Not only does the author recommend replacing Facebook with purpose-built “civic networks”, he recommends replacing for-profits and non-profits with a new breed of “civic enterprise”:
But in peer production, we need a further hack as well. Instead of associating with shareholding companies, why not create our own entities: ethical company structures, in which the commons values are embedded within its legal structure, and do not have to be imposed from the outside? In other words, where the “invisible hand” needs not be theorised as an outside force, but is a clearly active “visible hand” that drives each individual, but commons-oriented, enterprise
This, to me, is another original thought. It’s the idea that the advent of open source as a business and civic-enterprise model could require a new form of organization that is different from both the traditional capitalist for-profit, and the quasi-socialist non-profit. Both for-profits and non-profits seem to fall short of enabling the kind of large cooperation that makes open source work:
Today, we assume that value is created by for-profit companies and conceive of civil society as a “remainder” category: it’s what we do when we come home, exhausted after our paid work. This is reflected in the language we use to describe civil society, when we call them non-profits or non-governmental.
Civic enterprise seems to be different than the non-profit social enterprise. In my studies into public administration I have learned that non-profit organization, as a discipline, seems to focus on fixing the failures of business and government, rather than doing innovative things. When you look at large non-profits, especially those focused on medical research, they often look and act like the companies and agencies that they are cleaning up after. Neither government nor business seems to be able to find a cure for breast cancer, and so social enterprises have stepped in, which is good, but in doing so, they seem to have adopted the same money driven, top-down, central planning approach as their government and business predecessors, rather than adopting new approaches that do more with less.

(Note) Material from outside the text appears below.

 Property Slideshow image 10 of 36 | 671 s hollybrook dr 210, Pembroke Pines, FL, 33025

It seems that either by coincidence or causation, government and business use similar approaches (centralized management) and have sort of dissolved and congealed into this weird symbiosis:
…the social democratic welfare state has increasingly become a corporate-welfare state, in which the gains are privatised and the losses socialised. In other words, the state has become an extension of the corporation and is less and less a servant of the citizenry.

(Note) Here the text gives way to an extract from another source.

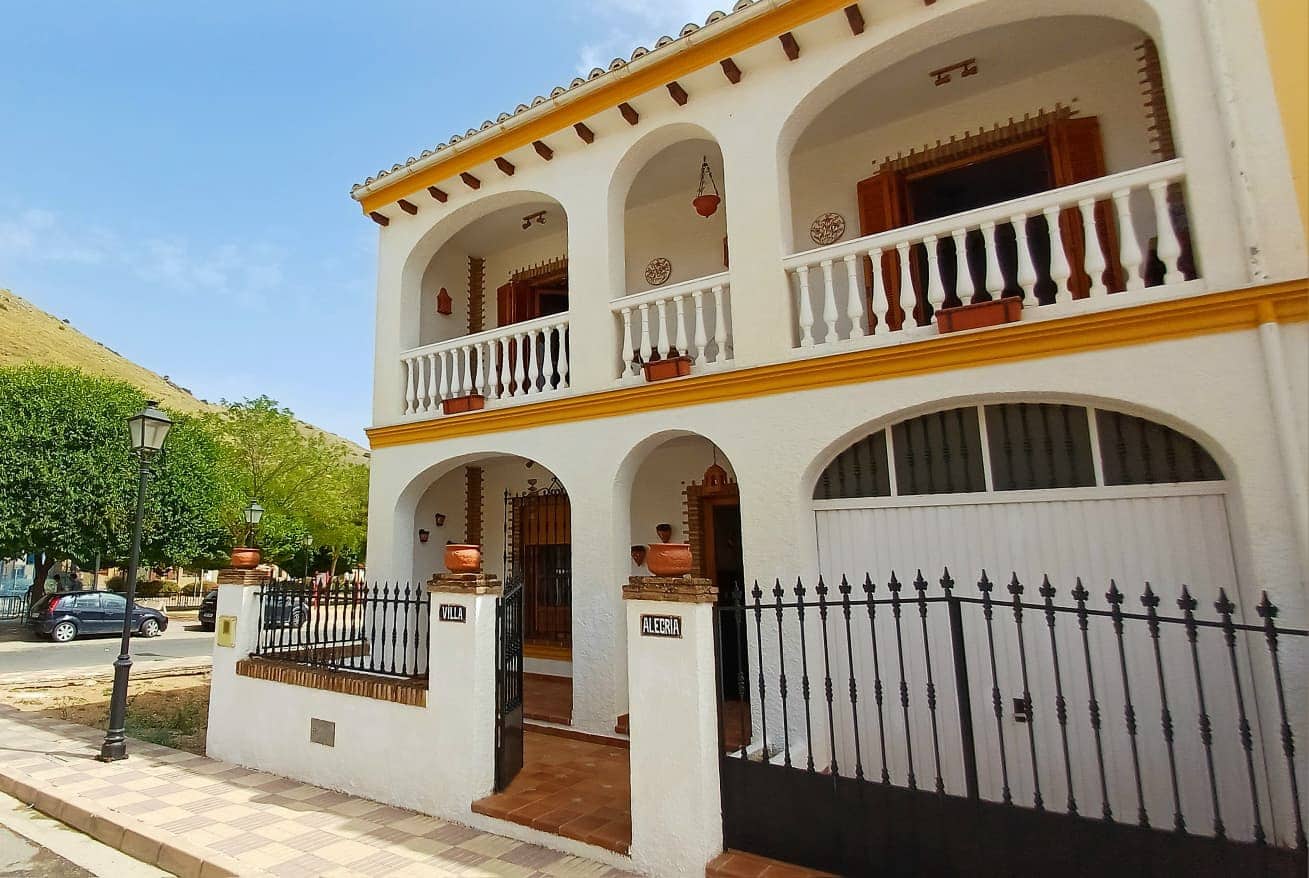 3 sypialnia Dom blizniak na sprzedaż w Archidona z basenem garażem - 239 950 € (Ref: 9227352)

In theory, the non-profit is the citizenry’s first line of defense. Non-profits rely on neither business, nor government to keep running so there should be at least some measure of protection against the gravitational pull of government/corporate corruption. I for one, am not convinced, because of the non-profit’s use of the same leadership and management techniques that led government and business into co-dependence.

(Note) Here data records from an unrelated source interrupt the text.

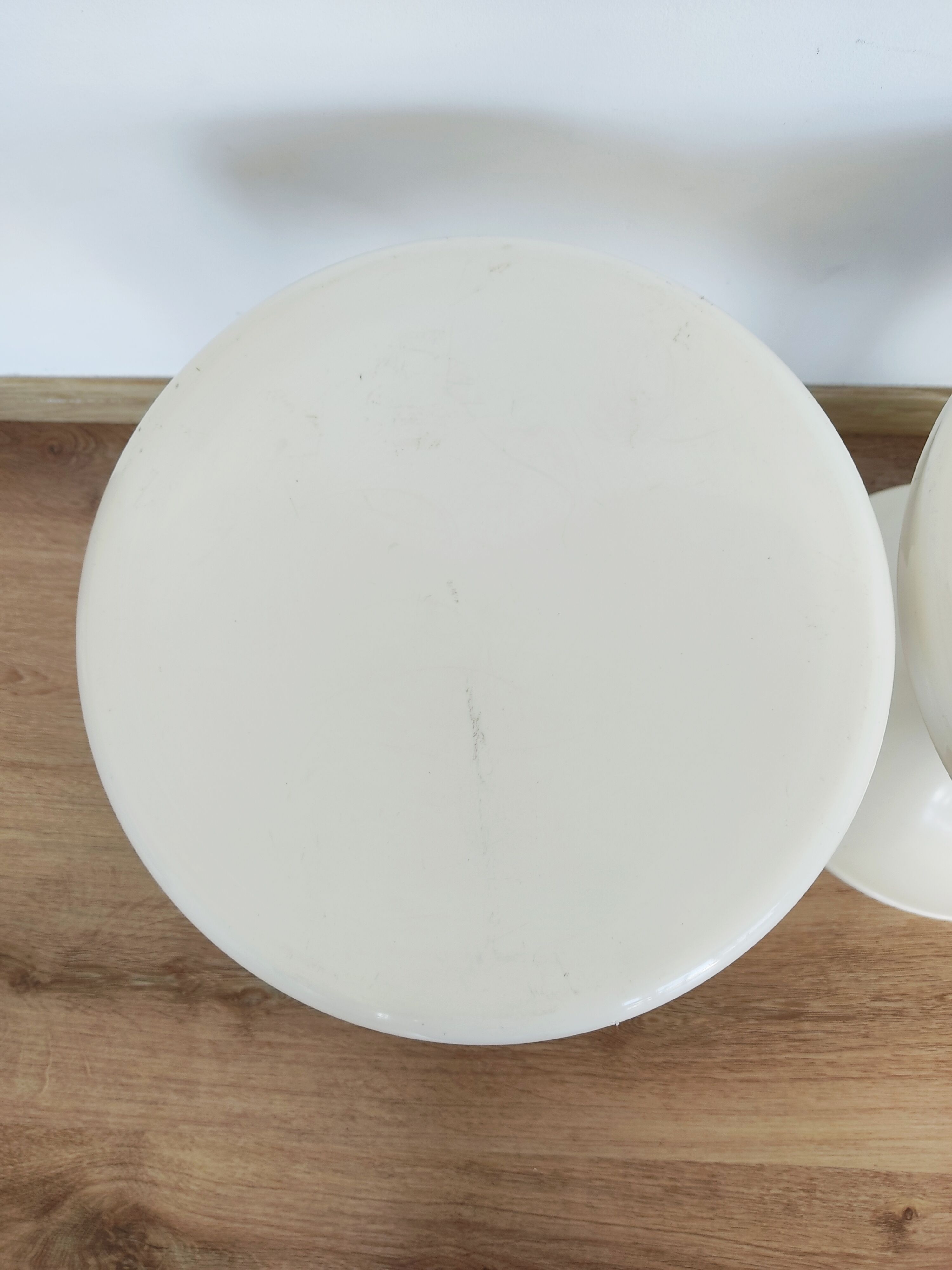 Set of 3 white tam tam stools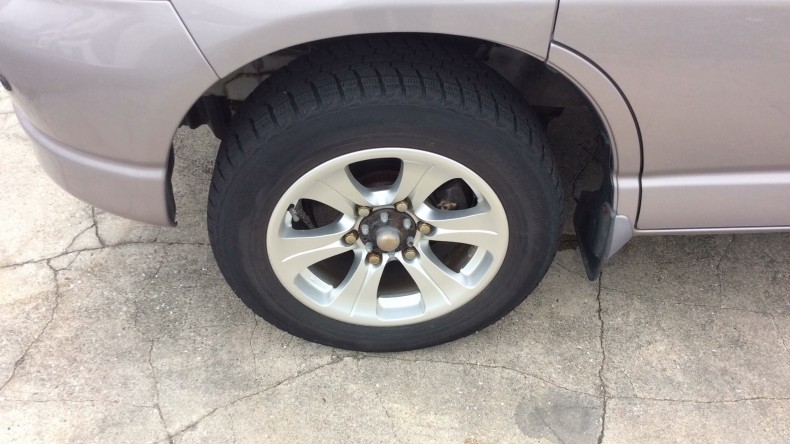 タイヤホイール前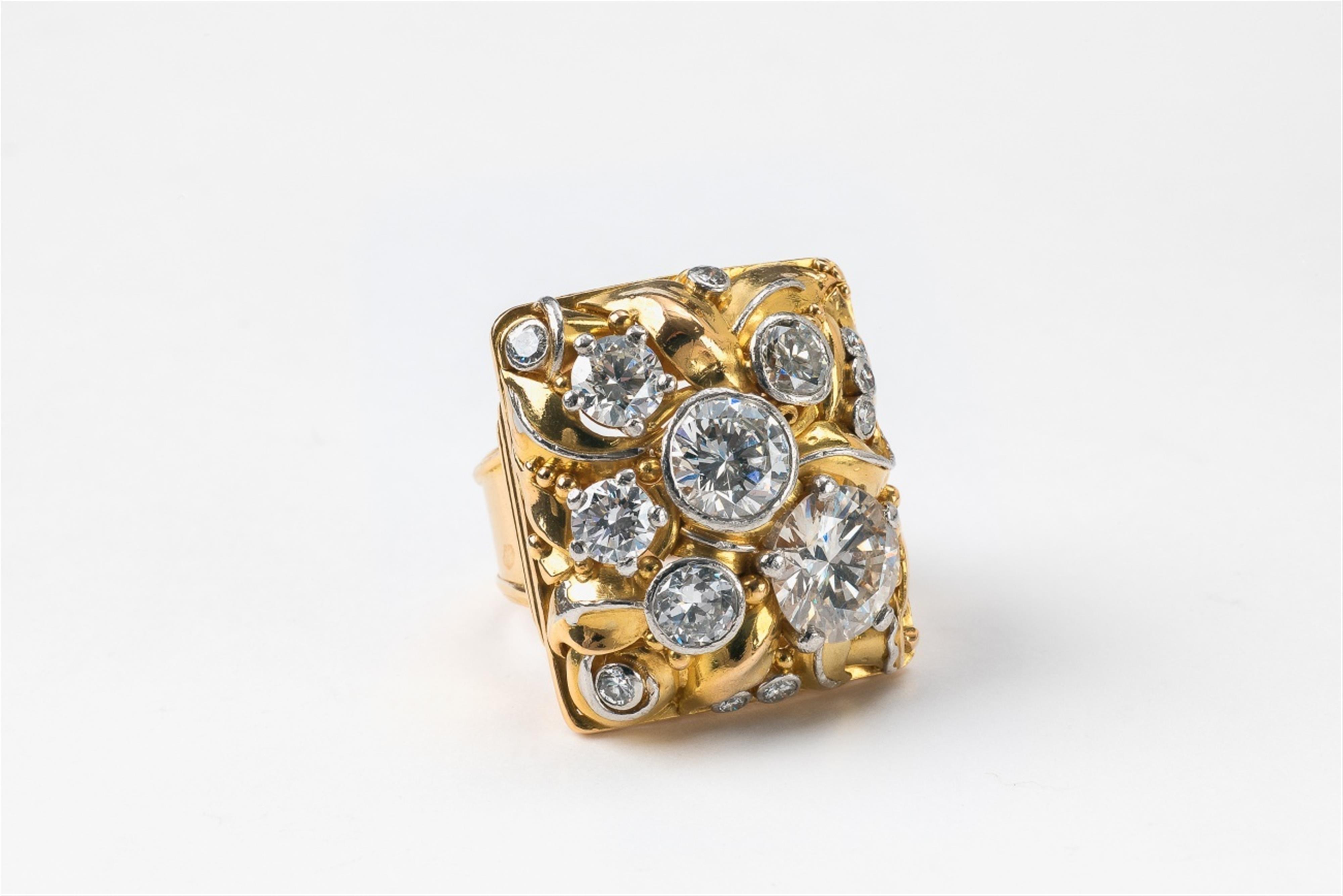 An 18k gold and diamond cocktail ring - image-2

I am intrigued by Bauwen’s idea of the civic enterprise. I am intrigued by the idea of using networks of citizens to cooperate their way through problems, and having those networks serve as a check and balance against abuses of and by the corporate welfare state:
Occupy and open-source models illuminate a new possible reality, in which the democratic civic sphere, productive commons and a vibrant market can co-exist for mutual benefit:
* At the core of value creation are various commons, where innovations are open for all to share and to build upon;
* These commons are protected through non-profit civic associations, which empower that social production;
* Around the commons emerges a vibrant commons-oriented economy comprised of ethical companies, whose legal structures tie them to the values and goals of the commons communities, not to creating private profit.
Where these three circles intersect, citizens decide on the optimal shape of their provisioning systems.